Il Bitcoin vola oltre i 12mila dollari, spingendosi a quota 12.773,85: oggi vale più di Warren Buffett e dell’economia della Nuova Zelanda, e ha saldamente superato Goldman Sachs e Ubs. Un nuovo record spinto dal lancio del primo future sulla criptovaluta, atteso per domenica 10 settembre, e che secondo gli osservatori la legittimerà come una classe di asset per tutti gli investitori, anche i piccoli. L’introduzione di future sul Bitcoin “ha il potenziale di elevare le criptovalute a una classe di asset emergenti” afferma Nikolaos Panigirtzoglou, analista di JPMorgan, convinto che con un uso più diffuso il Bitcoin può diventare come l’oro in termini di affidabilità e modalità per parcheggiare e conservare ricchezza nel lungo termine. Una promozione, quella dell’analista di JPMorgan, che sembra “contraddire” lo scetticismo di Jamie Dimon, convinto che il Bitcoin sia una “frode peggiore di quella dei bulbi dei tulipani” in Olanda nei secoli scorsi. Ma per Panigirtzoglou al Bitcoin va concessa almeno una chance. 

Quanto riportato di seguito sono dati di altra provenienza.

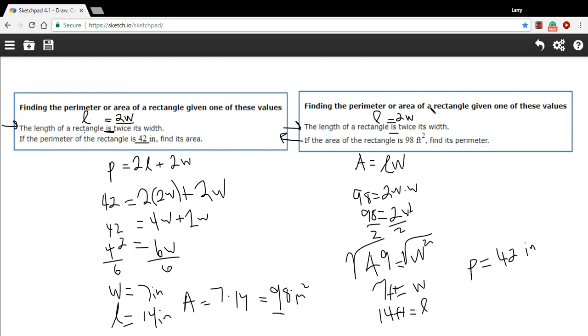So the perimeter here is 42 feet. Remember, perimeter just takes feet. Only area takes the feet squared. So that's a little bit of work with finding the perimeter or the area when you've got one or the other and a relationship between the sides.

“L’atteso lancio di contratti future da parte di mercati riconosciuti” come il colosso dei derivati CME Group e il suo rivale Cboe Global Markets “ha il potenziale di aumentare la legittimita’ della criptovaluta e aumentare il suo appeal sia fra gli investitori istituzionali sia fra quelli retail”, dice Panigirtzoglou. Il Bitcoin - secondo l’analista - ha un elevato potenziale di crescita: data la sua breve vita, il suo valore totale è già di 300 miliardi di dollari rispetto ai 1.500 miliardi di dollari di tutto l’oro conservato fuori dalle casseforti delle banche centrali. All’inizio dell’anno il Bitcoin valeva solo 1.000 dollari. Ora viaggia verso i 13mila dollari, destando l’interesse l’attenzione delle banche centrali e alimentando i timori di chi teme sia una nuova bolla pronta a esplodere. I mercati però cavalcano l’interesse crescente per la criptovaluta, come dimostrato dalla “battaglia” fra Cme e Cboe sui tempi per il primo future legato alla criptovaluta. Il Cboe lo introdurrà il 10 dicembre, con la prima giornata di scambi effettiva l’11 dicembre. Il future del CME è atteso invece per il 18 dicembre.